*** Opening STUDY MATERIAL ***
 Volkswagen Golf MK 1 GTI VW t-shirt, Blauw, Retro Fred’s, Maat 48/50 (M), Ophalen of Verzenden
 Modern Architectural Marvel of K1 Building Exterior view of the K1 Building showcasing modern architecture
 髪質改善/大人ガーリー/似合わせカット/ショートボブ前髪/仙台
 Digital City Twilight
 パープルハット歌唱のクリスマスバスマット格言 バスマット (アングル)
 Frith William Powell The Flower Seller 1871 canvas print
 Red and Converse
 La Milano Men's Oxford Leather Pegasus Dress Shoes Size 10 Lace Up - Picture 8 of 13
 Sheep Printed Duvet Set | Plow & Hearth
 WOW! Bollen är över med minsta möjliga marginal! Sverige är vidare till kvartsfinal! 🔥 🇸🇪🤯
*** Closing STUDY MATERIAL ***
EXERCISE AIM
Give again, word for word, every line from the one holding "Modern Architectural Marvel" to the end of the data.

ANSWER FOR THIS EXERCISE
 Modern Architectural Marvel of K1 Building Exterior view of the K1 Building showcasing modern architecture
 髪質改善/大人ガーリー/似合わせカット/ショートボブ前髪/仙台
 Digital City Twilight
 パープルハット歌唱のクリスマスバスマット格言 バスマット (アングル)
 Frith William Powell The Flower Seller 1871 canvas print
 Red and Converse
 La Milano Men's Oxford Leather Pegasus Dress Shoes Size 10 Lace Up - Picture 8 of 13
 Sheep Printed Duvet Set | Plow & Hearth
 WOW! Bollen är över med minsta möjliga marginal! Sverige är vidare till kvartsfinal! 🔥 🇸🇪🤯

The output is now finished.